Lean management, i.e. lean management – what exactly is it? Lean management is designed to optimize processes and activities, thereby avoiding any waste of all kinds. But how exactly is this approach implemented and designed in companies? All the important things about this now in this article.
Lean management benefits and definition
Lean management is an approach to continuous process optimization. It is therefore an approach in companies that is implemented on a permanent basis. This is also not limited to one area, but can be applied to any area of the company. The main goal is to make the entire value chain as efficient as possible. The central aspects here are customer orientation and cost reduction. By eliminating waste of any kind, values are to be created without waste.
To this end, all processes and activities must be coordinated in such a way that all waste in the value chain is avoided. The staff should always be involved, as this can increase employee motivation. There are also advantages for the customer. The optimized processes save time and result in lower production costs. This, in turn, can reduce the offer price, which will increase competitiveness.
Video: Lean Management Simply Explained – Definition, Production, Human Resources, Customers, Pro & Contra
Source: YouTube.com / The Charity Economy
The way is the goal
One of the most important things about implementing lean management in companies is the basic understanding of employees for this. It can only work if every employee internalizes that lean management is not a project that has a specific end goal and is eventually completed. Much more, it represents a fundamental corporate philosophy. Errors must be allowed and problems must be explained openly. This is the only way for companies in lean management to develop further. How do you say so beautifully? You learn from mistakes and that’s the right approach.

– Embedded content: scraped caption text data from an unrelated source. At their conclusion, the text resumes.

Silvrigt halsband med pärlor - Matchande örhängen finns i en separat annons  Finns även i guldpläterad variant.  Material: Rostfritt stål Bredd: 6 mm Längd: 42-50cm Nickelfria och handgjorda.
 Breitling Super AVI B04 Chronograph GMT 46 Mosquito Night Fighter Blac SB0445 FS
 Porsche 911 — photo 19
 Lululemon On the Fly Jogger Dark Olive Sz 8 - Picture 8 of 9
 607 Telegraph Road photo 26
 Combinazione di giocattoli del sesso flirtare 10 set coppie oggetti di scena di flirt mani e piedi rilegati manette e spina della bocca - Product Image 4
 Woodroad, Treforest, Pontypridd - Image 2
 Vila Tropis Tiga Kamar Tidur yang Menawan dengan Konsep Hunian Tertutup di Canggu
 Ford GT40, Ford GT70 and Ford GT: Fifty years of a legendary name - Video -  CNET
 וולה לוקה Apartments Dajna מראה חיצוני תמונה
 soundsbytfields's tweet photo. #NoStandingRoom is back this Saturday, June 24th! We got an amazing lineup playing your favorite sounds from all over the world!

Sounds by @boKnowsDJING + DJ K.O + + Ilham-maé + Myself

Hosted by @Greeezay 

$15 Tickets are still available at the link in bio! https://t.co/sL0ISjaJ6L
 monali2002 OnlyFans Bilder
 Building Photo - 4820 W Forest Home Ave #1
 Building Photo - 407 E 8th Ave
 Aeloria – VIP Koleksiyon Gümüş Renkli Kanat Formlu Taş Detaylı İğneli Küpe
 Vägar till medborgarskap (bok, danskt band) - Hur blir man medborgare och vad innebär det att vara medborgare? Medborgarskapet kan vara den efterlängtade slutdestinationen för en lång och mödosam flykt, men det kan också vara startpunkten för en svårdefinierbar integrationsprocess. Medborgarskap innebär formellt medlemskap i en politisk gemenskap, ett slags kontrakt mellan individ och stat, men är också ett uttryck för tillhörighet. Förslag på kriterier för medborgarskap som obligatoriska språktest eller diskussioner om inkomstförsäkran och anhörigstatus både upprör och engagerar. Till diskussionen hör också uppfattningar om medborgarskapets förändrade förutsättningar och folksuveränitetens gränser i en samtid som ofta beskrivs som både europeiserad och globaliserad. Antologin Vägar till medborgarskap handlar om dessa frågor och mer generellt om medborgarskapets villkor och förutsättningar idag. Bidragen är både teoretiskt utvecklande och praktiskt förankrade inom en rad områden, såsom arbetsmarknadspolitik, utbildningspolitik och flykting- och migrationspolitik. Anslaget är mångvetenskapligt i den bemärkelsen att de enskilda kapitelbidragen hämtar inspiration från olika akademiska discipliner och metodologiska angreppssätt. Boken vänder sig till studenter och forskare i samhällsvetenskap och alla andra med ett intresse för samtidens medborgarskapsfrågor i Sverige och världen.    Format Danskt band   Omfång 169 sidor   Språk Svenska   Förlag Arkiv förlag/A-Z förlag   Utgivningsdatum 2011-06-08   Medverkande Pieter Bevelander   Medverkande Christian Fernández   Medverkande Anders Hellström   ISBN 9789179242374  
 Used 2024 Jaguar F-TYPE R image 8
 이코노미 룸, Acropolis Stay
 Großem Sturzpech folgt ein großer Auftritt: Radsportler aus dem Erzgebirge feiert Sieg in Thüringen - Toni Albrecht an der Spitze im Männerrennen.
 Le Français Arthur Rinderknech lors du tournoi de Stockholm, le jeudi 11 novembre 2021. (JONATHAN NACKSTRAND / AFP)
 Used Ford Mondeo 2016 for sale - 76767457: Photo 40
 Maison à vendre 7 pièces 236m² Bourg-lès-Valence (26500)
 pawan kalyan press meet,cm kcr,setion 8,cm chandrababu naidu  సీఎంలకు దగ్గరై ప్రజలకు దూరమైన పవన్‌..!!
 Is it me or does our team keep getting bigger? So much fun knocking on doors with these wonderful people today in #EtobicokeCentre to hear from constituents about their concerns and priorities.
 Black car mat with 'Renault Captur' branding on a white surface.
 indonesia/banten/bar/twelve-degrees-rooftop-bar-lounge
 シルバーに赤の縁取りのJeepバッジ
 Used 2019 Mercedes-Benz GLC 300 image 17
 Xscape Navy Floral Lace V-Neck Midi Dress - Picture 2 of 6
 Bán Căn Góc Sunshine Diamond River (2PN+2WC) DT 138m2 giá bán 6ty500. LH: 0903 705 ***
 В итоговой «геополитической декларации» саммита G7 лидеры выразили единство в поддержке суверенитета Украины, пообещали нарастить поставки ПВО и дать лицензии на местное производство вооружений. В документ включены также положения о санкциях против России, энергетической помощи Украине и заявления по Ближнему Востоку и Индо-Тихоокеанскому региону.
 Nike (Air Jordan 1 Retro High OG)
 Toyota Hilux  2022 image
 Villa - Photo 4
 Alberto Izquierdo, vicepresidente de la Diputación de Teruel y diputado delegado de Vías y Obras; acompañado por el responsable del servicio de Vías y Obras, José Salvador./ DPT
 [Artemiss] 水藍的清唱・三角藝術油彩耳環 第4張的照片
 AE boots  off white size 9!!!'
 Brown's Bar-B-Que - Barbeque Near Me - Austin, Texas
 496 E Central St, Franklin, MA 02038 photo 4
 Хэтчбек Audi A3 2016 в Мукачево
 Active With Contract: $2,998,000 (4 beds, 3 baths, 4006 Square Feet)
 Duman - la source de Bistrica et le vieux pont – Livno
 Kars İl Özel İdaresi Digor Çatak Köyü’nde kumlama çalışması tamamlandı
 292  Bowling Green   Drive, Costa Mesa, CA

So it’s supposed to be a kind of routine where you want to keep improving. Mistakes are not a bad thing. The path to perfection is the goal of lean management. With proper integration, this can become an important pillar in companies. This enables companies to adapt to the constantly changing market requirements and to react flexibly, quickly and effectively both internally and externally.
Lean management in the different areas of a company
As explained earlier, lean management is always applicable to all areas of company. It is a holistic model and affects every single employee. For this reason, the following will show how lean management can be applied in the different areas.
Lean management in the office
Where does Lean Management start? In the office of every company. Perception and implementation must be right. So it starts in the minds of the employees that a fundamental change is taking place here. Here it is applied by various concepts, the combination of which should result in the best possible added value. Examples include Lean Administration or Kaizen.
[easy-tweet tweet=”Kaizen kommt aus dem japanischen und ist ein Verfahren in der Fertigungstechnik, bei der InnovationsManagement und Verbesserung zentrale Rollen spielen.” user=”MirkoPeters8″ url=”https://bit.ly/2X1khtW” template=”user”]It is seen as an important pillar in the long-term competitive strategy of companies.
In the office, there are often many problems such as interface problems, time-eaters, queries or ambiguities that negatively affect effectiveness. These are to be eliminated by lean management. However, this requires a basis that must be created and, above all, should have high productivity and flexibility as an objective. The 5S method is a proven means of doing this. It’s about keeping the workplace tidy and tidy. Create a basis, so to speak. This also cleans up the employee’s head and creates clear structures. The goal is a continuous improvement process, which is initiated by clear and transparent cooperation with the employees.
Lean management in production
Toyota’s production system is considered the most efficient in the world. But what does the car manufacturer do so well? Any waste in the plant has been eliminated. There are different methods for this than approaches. For example, Total Productive Maintenance (TPM) increases the efficiency of workflows and improves the profitability of the company. The cost of production must also be reduced. Automation at many necessary and meaningful points in the workflow is well suited for this. Lean Production is also part of lean management. Comprehensive and cyclically-resistant recipes for success within the framework of lean production include stable processes, uniform production, identification of waste, and reliable employees. Optimal teamwork and customer-oriented action play a very important role.
Video: What is Total Productive Maintenance?
Source: YouTube.com / ITB Operations & Process Management (Prof. Dr. R. Ziegenbein, FH Münster)
Lean management in logistics
Due to the large number of work processes in the logistics chain, there are often delays. As a result, lean management is also becoming increasingly important in logistics in order to optimize these processes. Acting as waste-free and customer-oriented as possible promotes corporate performance. Shorten supply chains and the just-in-time principle are two approaches to optimizing and eliminating waste.
Lean management is intended for companies of all kinds. It is sustainable corporate governance that can be used to react flexibly and quickly to market changes. However, it must be understood that this is not a one-off project that can be completed, but is a fundamental corporate principle. It is equally important that all areas of companies are involved. From office to production to logistics. Everywhere, the main goal is to eliminate waste and a lasting urge for improvement. If this is successfully done, companies can gain market advantages and place themselves better than their competitors.